Одним словом, танец наполняется, пусть не очень конкретизированным, но тем не менее ясным содержанием, смыслом, он эмоционально волнует, покоряет зрителя определенным настроением, заражает тем или иным порывом. И вот в этих сочинениях Баланчина мы чувствуем его поэтом классического танца, творцом, а не только изощренным поваром, который подает пресыщенной публике самые разнообразные, подчас самые изысканные, приправленные острыми соусами «хореографические блюда». Тогда балет Баланчина перестает быть чисто декоративным произведением, радующим только глаз, он становится живописью, очаровательной картиной, которая несет определенный образ, эмоцию, смысл. Этим чувством одухотворяется и исполнение актеров, пробуждается их художественная интуиция, они тоже становятся творцами, а не механическими безупречными исполнителями балетмейстерской воли[396].

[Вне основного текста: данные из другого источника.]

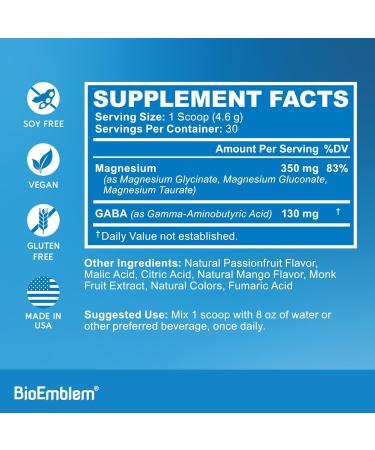 BioEmblem Triple Magnesium Complex Capsules and Triple Magnesium Powder Drink - Buy Online on GoSupps.com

Эти строки, так тщательно и поэтично выписанные, Н. И. Эльяш в изданной в 1970 году книге посвятил Д. Баланчину (Г. Баланчивадзе, 1904–1983) — танцовщику и балетмейстеру петербургской хореографической школы, основоположнику американского классического балета. В 1924 году он не вернулся с гастролей советской труппы в Берлине, примкнул к балетной труппе «дягилевских сезонов» и несколько лет руководил ею, а в 1930-е годы перебрался в США и сделал там блестящую балетмейстерскую карьеру. О том, что в СССР в 1960 — 1970-е западных балетмейстеров российского происхождения идеологически правильнее было бы характеризовать совершенно иначе, свидетельствует следующая цитата из статьи Р. В. Захарова, написанной на основании его выступления на Всероссийском совещании по сценическому танцу в 1960 году:
Отброшенное нами еще в начале 30-х годов формалистическое направление в танце в виде абстракционизма, акробатики и голого эстетизма нашло себе с помощью разных эмигрантов — вольных и невольных — благодатную почву на капиталистическом Западе. Отстав от нас на добрых сорок лет, большинство деятелей балета за рубежом живет и поныне старым лозунгом «искусство для искусства». Он и является их творческим кредо…[397]
Из-под пера Р. В. Захарова выходит образ не талантливых хореографов-новаторов, а замшелых приверженцев оторвавшегося от жизни, «загнивающего» танцевального декаданса. Мы видим здесь две модели интерпретации важной и, с советской точки зрения, скандальной составляющей западного балета XX века. Речь идет о вкладе в его развитие бывших российских подданных и советских граждан, эмигрировавших из революционной России или СССР. Эльяш представляет позицию широко мыслящего, эрудированного эксперта, Захаров — успешно обучившегося большевистской фразеологии правоверного поборника социалистического реализма. Позиции обоих несколько сближаются в оценке крупного реформатора русского балета за рубежом М. М. Фокина (1880–1942).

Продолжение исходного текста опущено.